** Opening SUPPLIED INFORMATION block **

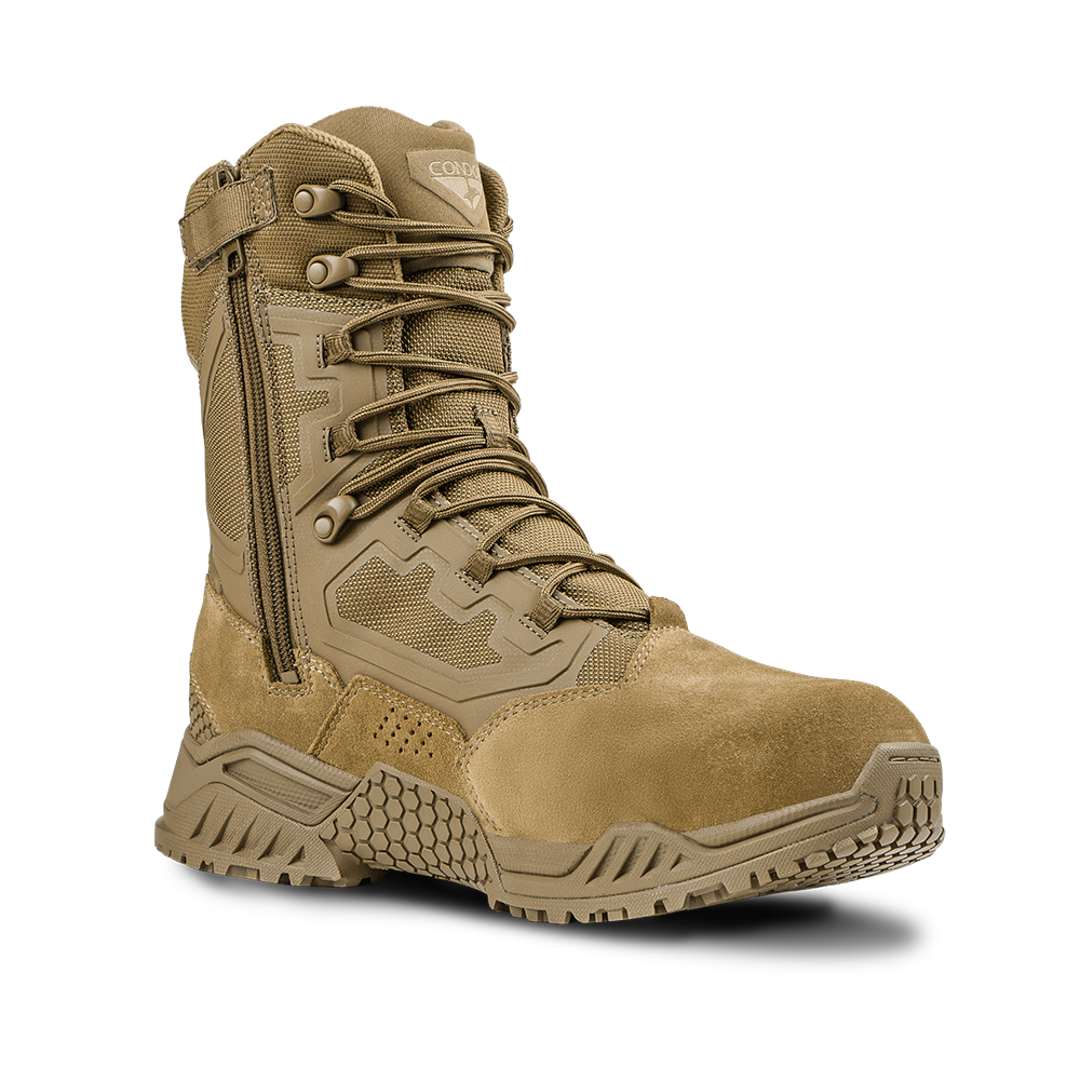 The Condor Brigade 8-inch Tactical Boots - Zip in coyote brown feature a lace-up design.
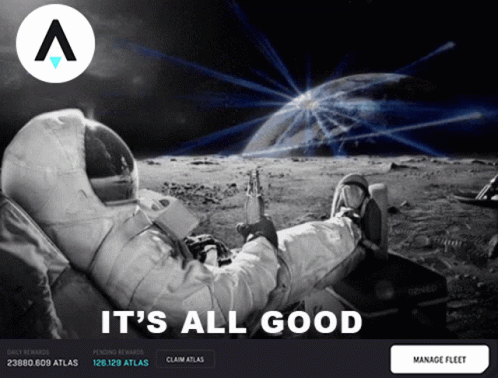 A Poster Of An Astronaut Laying On The Moon With The Words It 'S All Good GIF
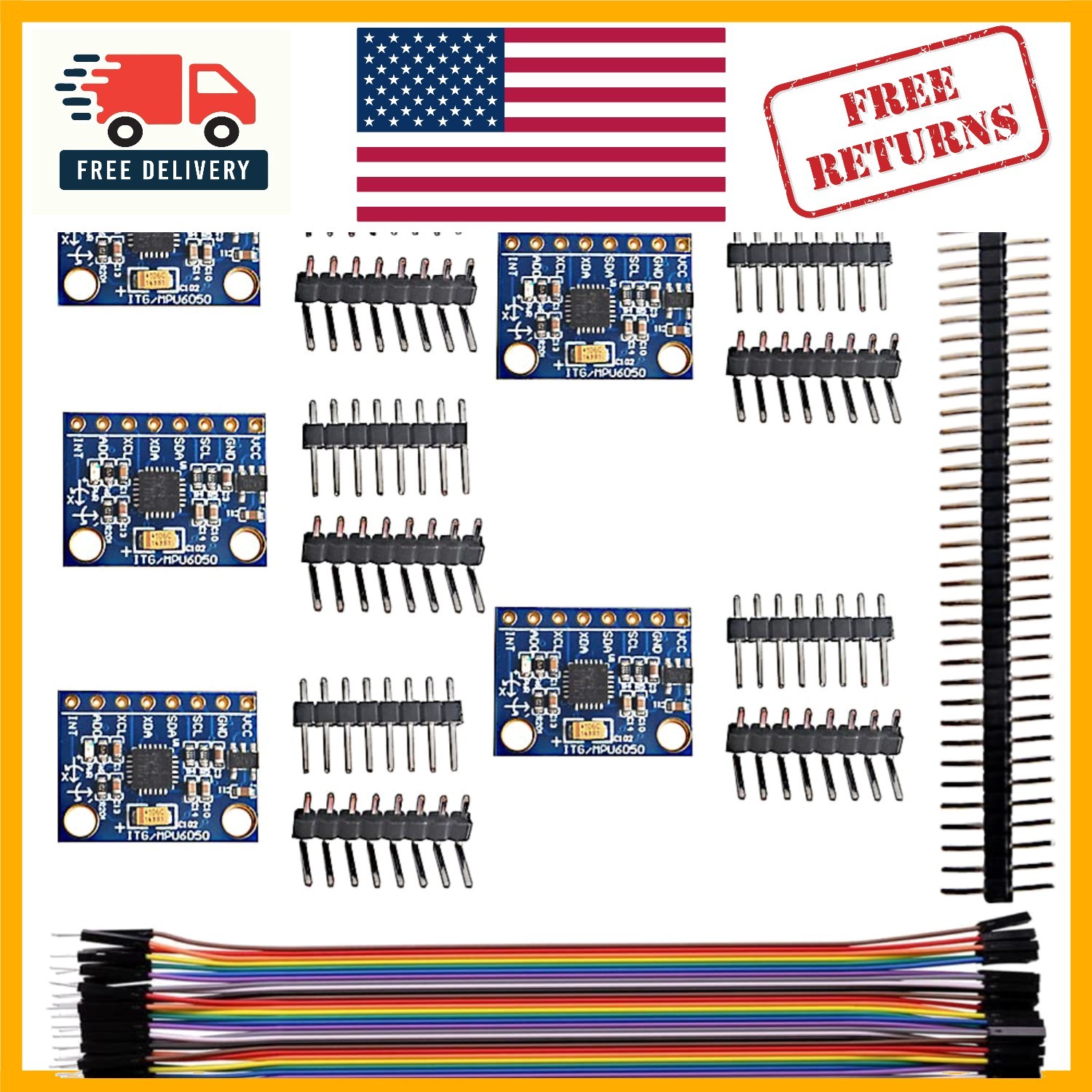5PCS MPU-6050 3 Axis Gyroscope Accelerometer Sensor for Arduino Projects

** Closing SUPPLIED INFORMATION block **

### EXERCISE INSTRUCTIONS:
All that is required is an exact reproduction of the lines from the one containing "A Poster Of" to the final line of the listing above, pictures omitted.

### ANSWER TO THIS TASK:
 A Poster Of An Astronaut Laying On The Moon With The Words It 'S All Good GIF
5PCS MPU-6050 3 Axis Gyroscope Accelerometer Sensor for Arduino Projects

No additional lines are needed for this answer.